DevOps & Scaling

OpenTelemetry Tracing for CAPTCHA Solving Pipelines

OpenTelemetry (OTel) gives you vendor-neutral distributed tracing. Instrument your CAPTCHA solving pipeline once, export traces to Jaeger, Zipkin, Datadog, or any OTel-compatible backend. See exactly where time is spent — API submission, polling, network latency.

Trace Structure

[Scrape Page]
  └── [Solve CAPTCHA]                    ← Parent span
        ├── [Submit Task]                ← HTTP POST to in.php
        ├── [Poll Result]               ← Repeated GET to res.php
        │     ├── [Poll Attempt 1]       ← CAPCHA_NOT_READY
        │     ├── [Poll Attempt 2]       ← CAPCHA_NOT_READY
        │     └── [Poll Attempt 3]       ← OK (solution)
        └── [Apply Token]               ← Inject into form

Python — OpenTelemetry Instrumentation

Setup

pip install opentelemetry-api opentelemetry-sdk \
    opentelemetry-exporter-otlp \
    opentelemetry-instrumentation-requests

Implementation

import os
import time
import requests
from opentelemetry import trace
from opentelemetry.sdk.trace import TracerProvider
from opentelemetry.sdk.trace.export import BatchSpanProcessor
from opentelemetry.exporter.otlp.proto.grpc.trace_exporter import (
    OTLPSpanExporter,
)
from opentelemetry.sdk.resources import Resource
from opentelemetry.instrumentation.requests import RequestsInstrumentor
from opentelemetry.trace import StatusCode

# Configure provider
resource = Resource.create({"service.name": "captcha-pipeline"})
provider = TracerProvider(resource=resource)

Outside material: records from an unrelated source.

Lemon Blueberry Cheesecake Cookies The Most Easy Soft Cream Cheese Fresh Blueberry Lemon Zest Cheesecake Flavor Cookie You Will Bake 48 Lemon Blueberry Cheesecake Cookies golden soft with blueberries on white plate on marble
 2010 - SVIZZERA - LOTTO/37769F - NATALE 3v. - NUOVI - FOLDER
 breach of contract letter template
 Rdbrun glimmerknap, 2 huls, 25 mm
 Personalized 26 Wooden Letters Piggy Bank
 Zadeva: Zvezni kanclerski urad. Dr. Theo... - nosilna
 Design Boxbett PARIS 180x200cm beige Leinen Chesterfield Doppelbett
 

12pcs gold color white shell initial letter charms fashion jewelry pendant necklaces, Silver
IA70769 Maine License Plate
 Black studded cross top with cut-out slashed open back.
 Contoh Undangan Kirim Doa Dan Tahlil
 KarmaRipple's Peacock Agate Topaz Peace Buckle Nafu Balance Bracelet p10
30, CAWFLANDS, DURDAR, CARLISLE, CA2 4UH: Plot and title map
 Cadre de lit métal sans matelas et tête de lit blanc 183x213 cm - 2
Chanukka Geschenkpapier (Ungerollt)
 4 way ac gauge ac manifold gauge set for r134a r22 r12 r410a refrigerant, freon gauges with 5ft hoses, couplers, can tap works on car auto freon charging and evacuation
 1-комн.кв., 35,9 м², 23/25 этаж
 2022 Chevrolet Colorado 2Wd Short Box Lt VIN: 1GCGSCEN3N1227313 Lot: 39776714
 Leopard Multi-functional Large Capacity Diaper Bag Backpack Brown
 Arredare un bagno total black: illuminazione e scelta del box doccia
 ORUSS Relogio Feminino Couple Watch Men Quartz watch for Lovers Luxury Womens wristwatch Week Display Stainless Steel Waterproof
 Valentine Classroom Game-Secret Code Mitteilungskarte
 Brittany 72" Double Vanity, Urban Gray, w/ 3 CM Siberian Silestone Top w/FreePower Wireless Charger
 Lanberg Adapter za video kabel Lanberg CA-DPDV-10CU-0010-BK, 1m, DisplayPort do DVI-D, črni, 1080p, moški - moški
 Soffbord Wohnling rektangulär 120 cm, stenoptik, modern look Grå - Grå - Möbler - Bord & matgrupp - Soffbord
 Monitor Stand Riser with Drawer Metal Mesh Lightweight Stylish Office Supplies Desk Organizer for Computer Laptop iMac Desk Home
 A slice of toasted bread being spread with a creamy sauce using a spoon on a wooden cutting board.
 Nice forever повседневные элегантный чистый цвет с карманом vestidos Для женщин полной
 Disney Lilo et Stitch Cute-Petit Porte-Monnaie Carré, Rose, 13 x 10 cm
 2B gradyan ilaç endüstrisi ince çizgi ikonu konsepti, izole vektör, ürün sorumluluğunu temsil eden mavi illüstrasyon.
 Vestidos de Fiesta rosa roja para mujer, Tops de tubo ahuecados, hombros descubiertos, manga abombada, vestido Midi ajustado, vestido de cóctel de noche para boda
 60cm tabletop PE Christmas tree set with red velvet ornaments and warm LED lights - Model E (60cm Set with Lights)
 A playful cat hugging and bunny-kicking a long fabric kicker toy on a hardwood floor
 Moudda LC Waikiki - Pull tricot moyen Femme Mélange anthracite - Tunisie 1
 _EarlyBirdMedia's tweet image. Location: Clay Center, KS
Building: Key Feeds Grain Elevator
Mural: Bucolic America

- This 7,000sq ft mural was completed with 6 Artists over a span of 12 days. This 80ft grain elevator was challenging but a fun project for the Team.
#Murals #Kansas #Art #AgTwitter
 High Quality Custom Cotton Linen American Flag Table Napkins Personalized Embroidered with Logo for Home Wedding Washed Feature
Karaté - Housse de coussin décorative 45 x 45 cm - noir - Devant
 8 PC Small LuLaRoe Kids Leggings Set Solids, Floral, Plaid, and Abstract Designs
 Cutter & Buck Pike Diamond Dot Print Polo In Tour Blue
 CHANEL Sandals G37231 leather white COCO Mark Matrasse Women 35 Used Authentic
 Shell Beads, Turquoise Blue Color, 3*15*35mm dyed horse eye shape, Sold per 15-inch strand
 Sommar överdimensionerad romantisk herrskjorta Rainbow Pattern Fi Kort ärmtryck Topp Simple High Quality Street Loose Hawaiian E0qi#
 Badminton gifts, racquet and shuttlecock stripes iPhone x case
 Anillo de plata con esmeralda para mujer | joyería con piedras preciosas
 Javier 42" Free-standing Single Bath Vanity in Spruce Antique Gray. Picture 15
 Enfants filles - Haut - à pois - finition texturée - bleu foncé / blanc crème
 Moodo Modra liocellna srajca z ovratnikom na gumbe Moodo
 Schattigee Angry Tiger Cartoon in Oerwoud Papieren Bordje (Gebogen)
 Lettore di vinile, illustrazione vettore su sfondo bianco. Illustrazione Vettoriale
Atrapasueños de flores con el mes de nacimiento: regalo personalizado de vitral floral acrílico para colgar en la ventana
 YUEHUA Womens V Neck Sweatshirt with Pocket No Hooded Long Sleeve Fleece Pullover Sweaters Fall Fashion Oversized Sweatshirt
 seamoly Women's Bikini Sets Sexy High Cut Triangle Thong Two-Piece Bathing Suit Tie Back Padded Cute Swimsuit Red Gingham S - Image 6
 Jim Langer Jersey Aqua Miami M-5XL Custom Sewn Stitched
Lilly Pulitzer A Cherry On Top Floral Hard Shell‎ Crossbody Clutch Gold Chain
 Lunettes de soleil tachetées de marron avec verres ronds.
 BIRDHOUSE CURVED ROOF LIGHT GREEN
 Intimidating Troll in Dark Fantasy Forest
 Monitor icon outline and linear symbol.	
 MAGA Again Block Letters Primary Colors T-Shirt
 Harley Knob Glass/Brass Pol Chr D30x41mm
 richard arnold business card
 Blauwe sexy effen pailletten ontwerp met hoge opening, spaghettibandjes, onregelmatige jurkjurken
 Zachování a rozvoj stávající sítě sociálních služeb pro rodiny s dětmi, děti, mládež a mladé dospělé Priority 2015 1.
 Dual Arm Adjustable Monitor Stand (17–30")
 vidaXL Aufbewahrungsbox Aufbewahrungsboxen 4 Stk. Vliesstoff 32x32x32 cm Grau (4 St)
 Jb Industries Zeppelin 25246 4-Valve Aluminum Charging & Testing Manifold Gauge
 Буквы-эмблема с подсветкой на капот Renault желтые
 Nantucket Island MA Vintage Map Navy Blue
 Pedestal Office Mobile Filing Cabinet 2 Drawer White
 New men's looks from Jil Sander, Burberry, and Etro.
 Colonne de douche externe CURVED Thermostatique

# Export to OTel Collector (or Jaeger/Zipkin directly)
exporter = OTLPSpanExporter(
    endpoint=os.environ.get("OTEL_EXPORTER_OTLP_ENDPOINT",
                            "http://localhost:4317")
)
provider.add_span_processor(BatchSpanProcessor(exporter))
trace.set_tracer_provider(provider)

# Auto-instrument requests library
RequestsInstrumentor().instrument()

tracer = trace.get_tracer("captchaai.solver")
API_KEY = os.environ["CAPTCHAAI_API_KEY"]
session = requests.Session()


def solve_captcha(sitekey, pageurl, captcha_type="recaptcha_v2"):
    """Solve a CAPTCHA with full OpenTelemetry tracing."""
    with tracer.start_as_current_span(
        "captcha.solve",
        attributes={
            "captcha.type": captcha_type,
            "captcha.target_url": pageurl,
        }
    ) as solve_span:

        # Submit phase
        with tracer.start_as_current_span("captcha.submit") as submit_span:
            resp = session.post("https://ocr.captchaai.com/in.php", data={
                "key": API_KEY,
                "method": "userrecaptcha",
                "googlekey": sitekey,
                "pageurl": pageurl,
                "json": 1
            })
            data = resp.json()
            submit_span.set_attribute("http.status_code", resp.status_code)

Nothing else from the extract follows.